* [TASK BRIEF] Set down each entry exactly as it stands, without altering a single character.

* [DATA TO USE]

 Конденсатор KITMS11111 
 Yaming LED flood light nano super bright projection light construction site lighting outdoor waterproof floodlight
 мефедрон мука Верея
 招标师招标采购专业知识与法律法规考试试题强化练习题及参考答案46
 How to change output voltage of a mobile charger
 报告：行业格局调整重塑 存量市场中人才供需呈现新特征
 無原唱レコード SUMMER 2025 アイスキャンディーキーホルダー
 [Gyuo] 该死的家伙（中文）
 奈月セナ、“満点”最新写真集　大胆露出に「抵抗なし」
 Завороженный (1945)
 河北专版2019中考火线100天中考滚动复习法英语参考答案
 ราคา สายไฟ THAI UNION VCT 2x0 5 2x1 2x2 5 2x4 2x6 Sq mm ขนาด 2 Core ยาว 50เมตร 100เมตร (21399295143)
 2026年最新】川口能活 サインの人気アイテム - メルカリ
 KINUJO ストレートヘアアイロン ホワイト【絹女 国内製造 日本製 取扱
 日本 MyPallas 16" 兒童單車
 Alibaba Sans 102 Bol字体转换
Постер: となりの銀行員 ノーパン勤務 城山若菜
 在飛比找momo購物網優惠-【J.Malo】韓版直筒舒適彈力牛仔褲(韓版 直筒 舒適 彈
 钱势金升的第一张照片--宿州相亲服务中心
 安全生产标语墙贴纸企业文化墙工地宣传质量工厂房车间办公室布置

* [SOLUTION TO THIS TASK]
 Конденсатор KITMS11111 
 Yaming LED flood light nano super bright projection light construction site lighting outdoor waterproof floodlight
 мефедрон мука Верея
 招标师招标采购专业知识与法律法规考试试题强化练习题及参考答案46
 How to change output voltage of a mobile charger
 报告：行业格局调整重塑 存量市场中人才供需呈现新特征
 無原唱レコード SUMMER 2025 アイスキャンディーキーホルダー
 [Gyuo] 该死的家伙（中文）
 奈月セナ、“満点”最新写真集　大胆露出に「抵抗なし」
 Завороженный (1945)
 河北专版2019中考火线100天中考滚动复习法英语参考答案
 ราคา สายไฟ THAI UNION VCT 2x0 5 2x1 2x2 5 2x4 2x6 Sq mm ขนาด 2 Core ยาว 50เมตร 100เมตร (21399295143)
 2026年最新】川口能活 サインの人気アイテム - メルカリ
 KINUJO ストレートヘアアイロン ホワイト【絹女 国内製造 日本製 取扱
 日本 MyPallas 16" 兒童單車
 Alibaba Sans 102 Bol字体转换
Постер: となりの銀行員 ノーパン勤務 城山若菜
 在飛比找momo購物網優惠-【J.Malo】韓版直筒舒適彈力牛仔褲(韓版 直筒 舒適 彈
 钱势金升的第一张照片--宿州相亲服务中心
 安全生产标语墙贴纸企业文化墙工地宣传质量工厂房车间办公室布置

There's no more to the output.